Disco Down with the Mirror Spider

If you ever get a notion to have a 1970s-themed party, you should consider inviting the Thwaitesia spider, because you will not need a mirror ball. It is the mirror ball. Well, sort of. There are patches on the abdomen that are like sequins or a series of mirrors. Scientists think they know what causes this effect.

Some members of this genus have a mirror ball-style abdomen that is clearly the product of our Creator's planning.
Thwaitesia argentiopunctata image credit: Wikimedia Commons / Poyt448 Peter Woodard (CC BY-SA 3.0)
Although these spiders have not been studied extensively, scientists think it is likely that the same thing is happening here that has happened in other spiders. More specifically, a waste product called guanine is stored in special cells under the skin. It really does reflect light.

Also, the cells with the this material are not static, and the spider can make them almost disappear when it has the notion. They are not there by chance or at random.
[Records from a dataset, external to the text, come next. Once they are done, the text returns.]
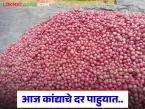 सोलापूर मार्केटमध्ये लालपेक्षा पांढऱ्या कांद्याला चांगले दर, आजचे सविस्तर कांदा बाजारभाव  - Marathi News | Latest News Kanda Market White onion prices better than red in Solapur market, today's detailed onion market price | Latest market-yard News at Lokmat.com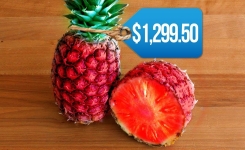 Les 8 fruits les plus chers au monde
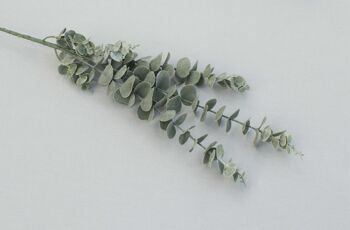 Branche d'eucalyptus, L = 83 cm, vert-gris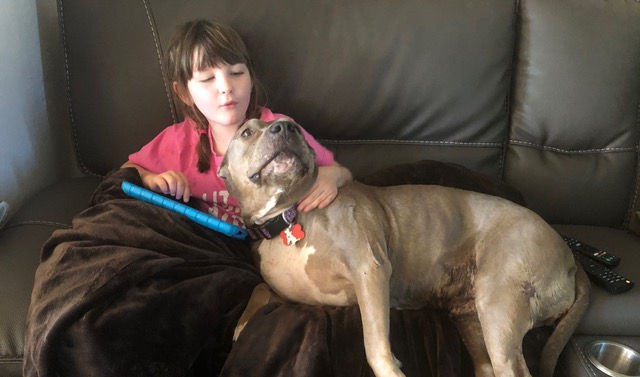 Stella the Pit Bull gives good snuggles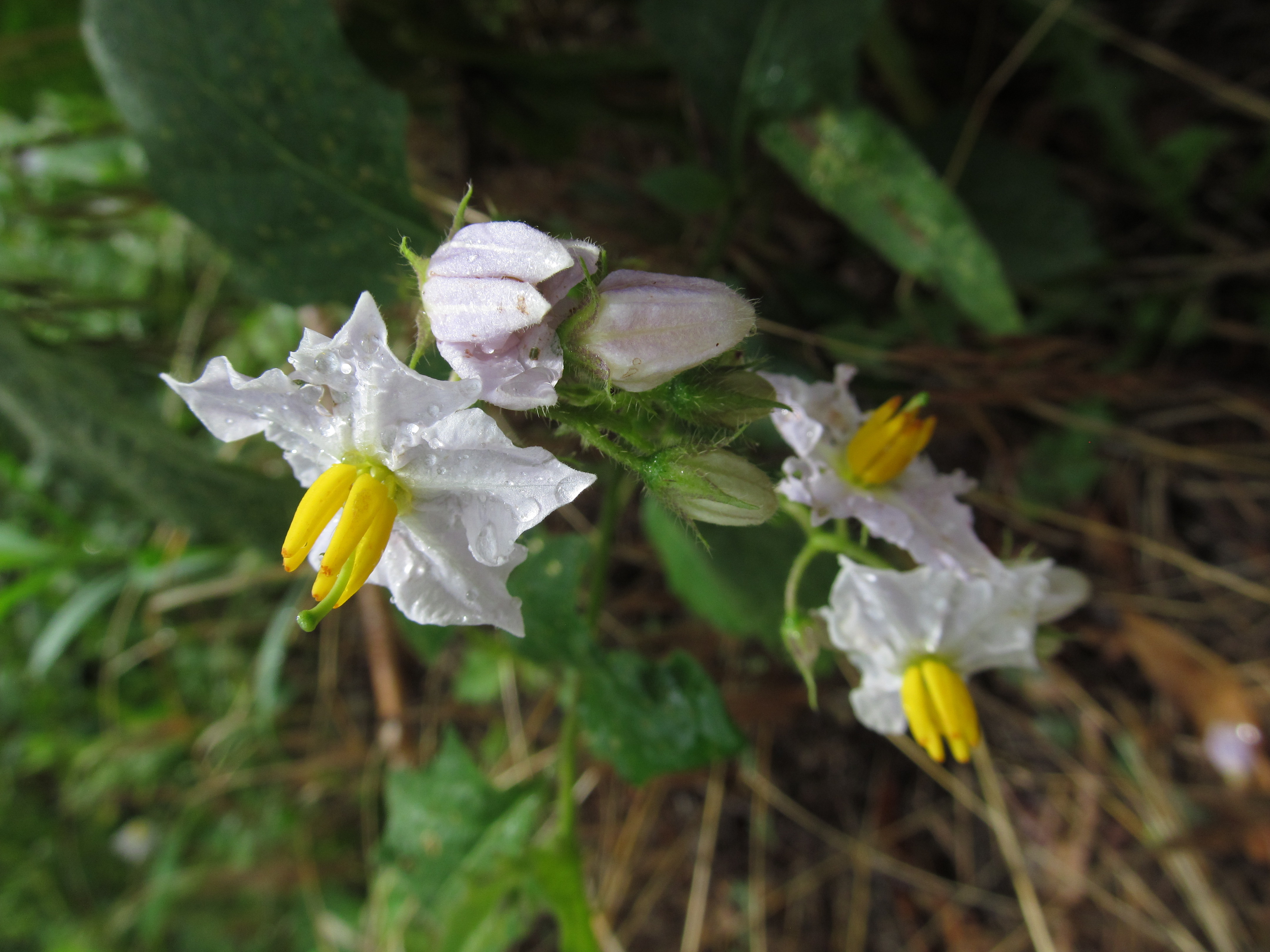 Horsenettle flower identification view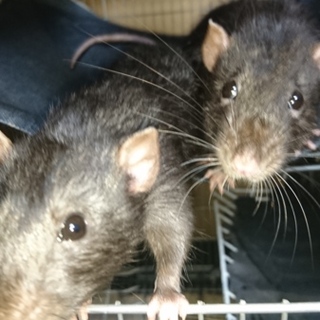 ♂ラット１匹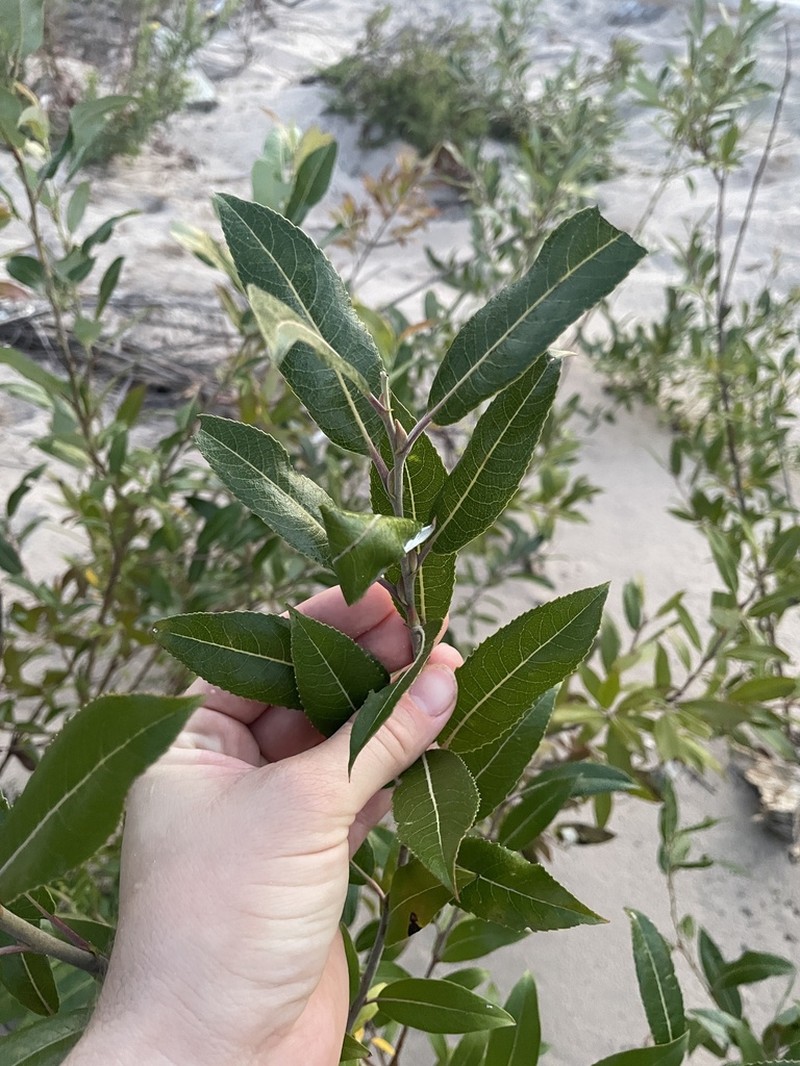 Bayberry Willow photo 4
If you reflect on it, you can see that our Creator is exhibiting his design skill once again.
The eye-catching reflective patches on the abdomen of this Thwaitesia spider certainly make it one of the prettier arachnids. “Like a disco ball with lots of different mirrors” is how Queensland Museum spider expert Robert Whyte described it, speculating that the shimmery spots “scatter light and make it difficult for predators to see it.”